Confessions of a Wall Street Programmer

practical ideas (and perhaps some uncommon knowledge) on software architecture, design, construction and testing

Building clang on RedHat

clang is a great compiler, with a boatload of extremely helpful tools, including static analysis, run-time memory and data race analysis, and many others.  And it’s apparently pretty easy to get those benefits on one of the supported platforms – basically Ubuntu and Mac (via XCode).

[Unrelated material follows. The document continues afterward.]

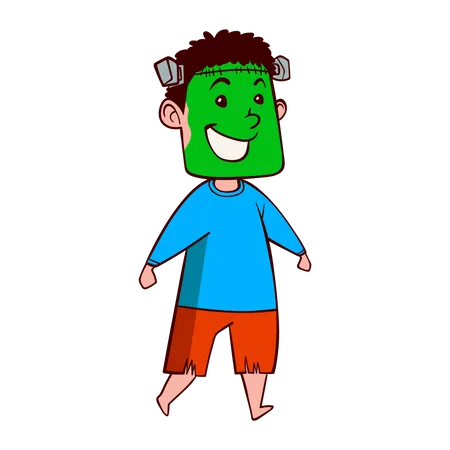 Garotinho vestindo fantasia de monstro verde  Ilustração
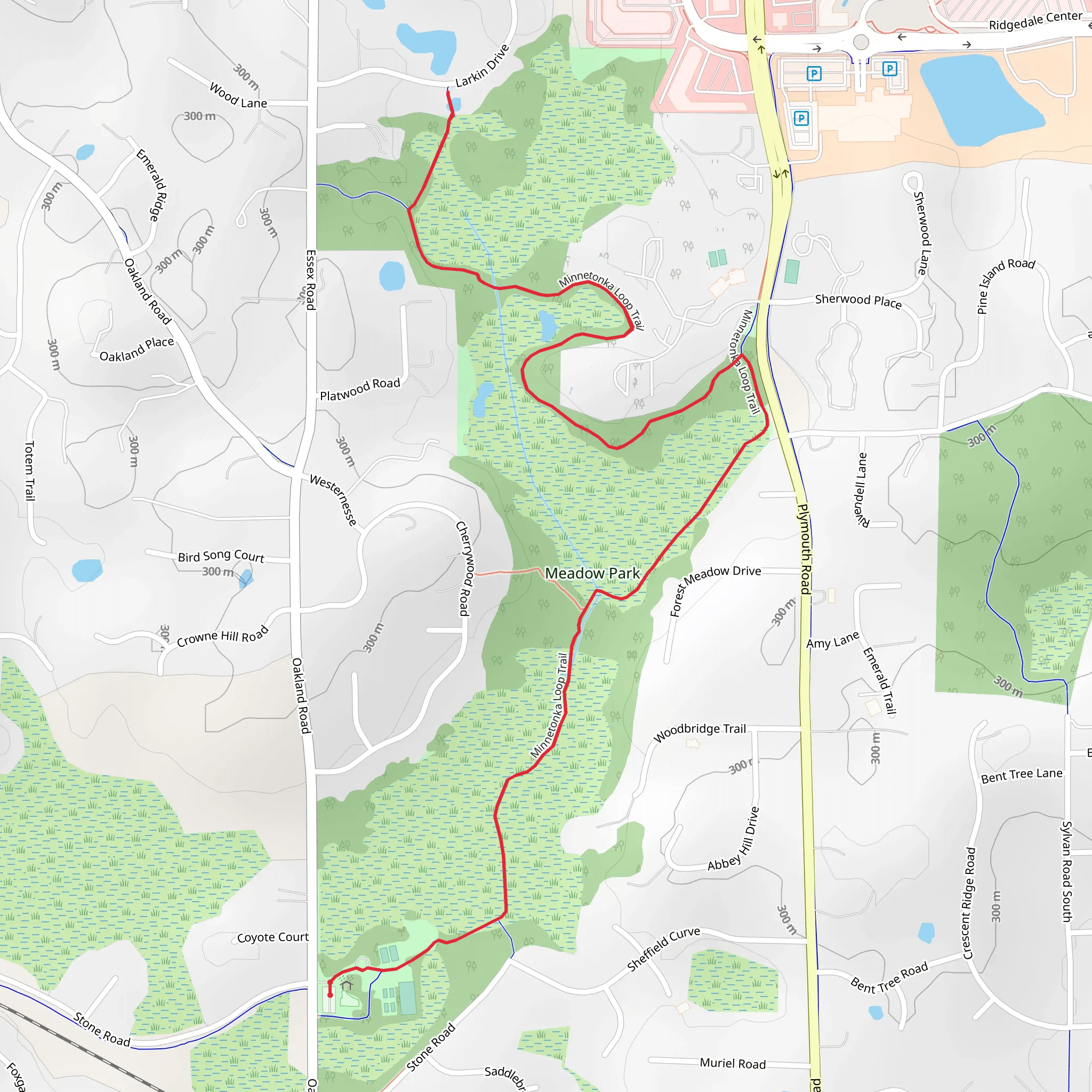 Minnetonka Loop Trail in Meadow Park mobile static map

That’s fine, but if you get paid to write software, there’s a good chance it’s going to be deployed on RedHat, or one of its variants.  And, getting clang working on RedHat is a huge pain in the neck.  The good news is that I did the dirty work for you (ouch!), so you don’t have to.

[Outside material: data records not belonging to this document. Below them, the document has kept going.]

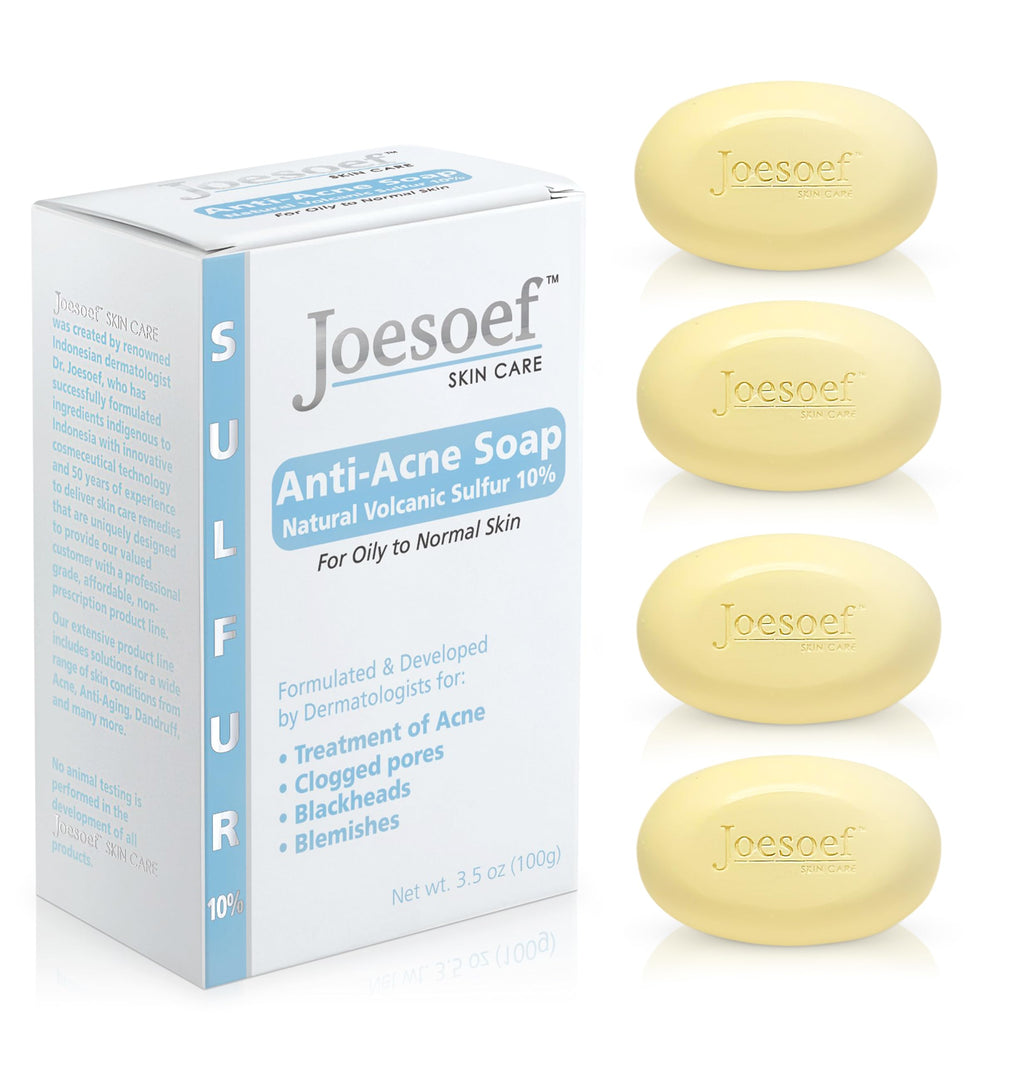 JOESOEF SKIN CARE Sulfur Soap Acne Facial Cleanser 4-Pack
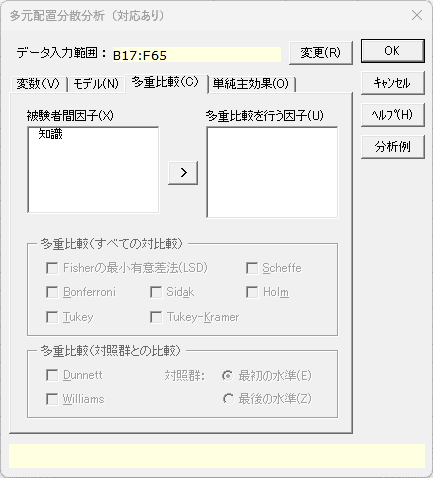 「多元配置分散分析（対応あり）」ダイアログ 「多重比較」タブ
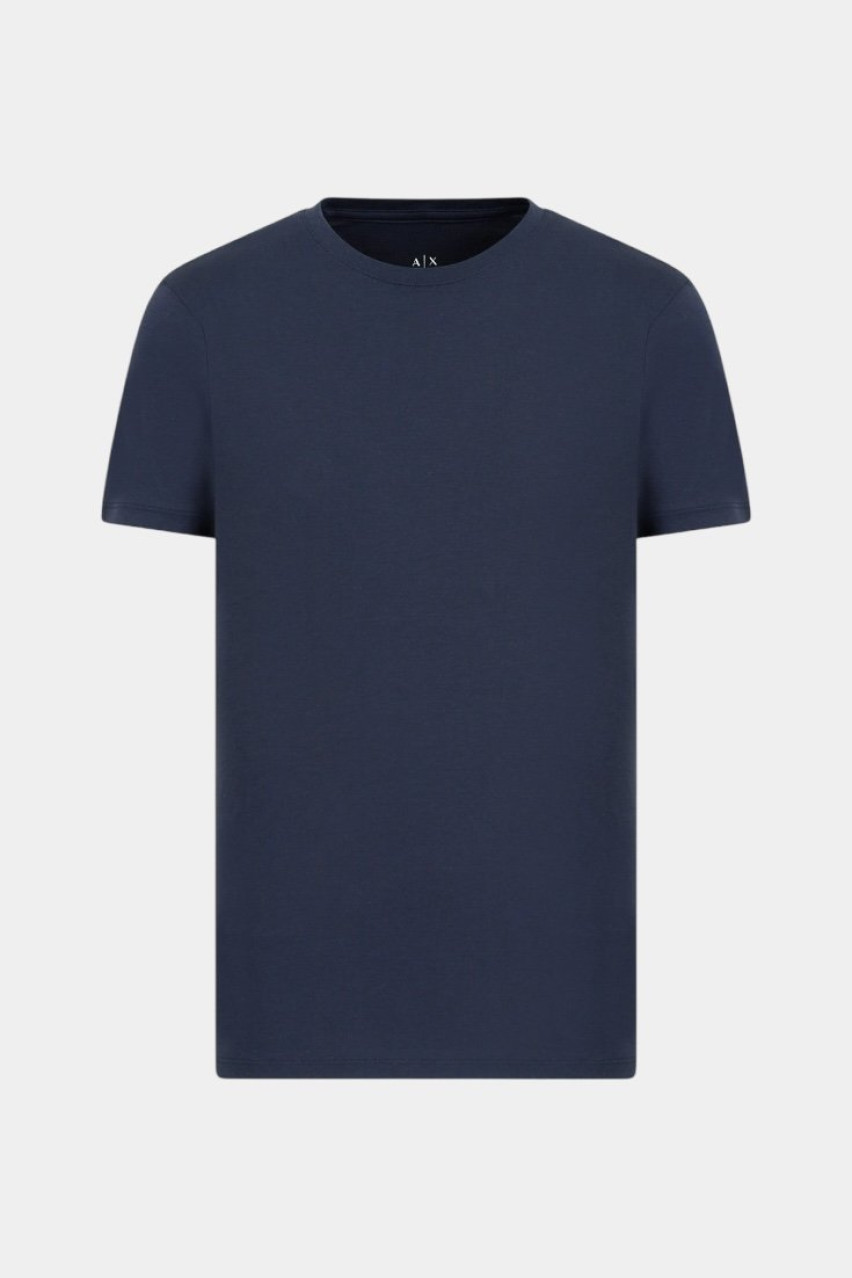 Темно-синя футболка приталеного крою з бавовни піма 8NZT74 ZJA5Z 1510 Armani Exchange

Bootstrapping the compiler

Like almost all compilers, clang is written in a high-level language (in this case C++), so building clang requires a host compiler to do the actual compilation.  On Linux this is almost always gcc, since it is ubiquitous on Linux machines.  

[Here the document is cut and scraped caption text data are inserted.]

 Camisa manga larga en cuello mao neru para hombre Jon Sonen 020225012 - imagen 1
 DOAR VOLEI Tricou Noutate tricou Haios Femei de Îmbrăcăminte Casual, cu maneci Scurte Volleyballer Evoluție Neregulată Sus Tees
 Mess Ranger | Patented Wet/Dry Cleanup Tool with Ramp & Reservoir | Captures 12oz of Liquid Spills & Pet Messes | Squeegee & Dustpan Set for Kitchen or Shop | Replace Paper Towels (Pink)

There’s a hitch, though – as of version 3.3 some parts of clang are written in C++11, so the compiler used to compile clang needs to support the C++11 standard.

This is a real problem with RedHat, since the system compiler supplied with RedHat 6 (the most recent version that is in wide use), is gcc 4.4.7.  That compiler does not support C++11, and so is not able to compile clang.  So, the first step is getting a C++11-compliant compiler so we can compile clang.  For this example, we’re going to choose gcc 4.8.2, for a variety of reasons1.  The good news is that gcc 4.8.2 is written in C++ 98, so we can build it using the system compiler (gcc 4.4.7).  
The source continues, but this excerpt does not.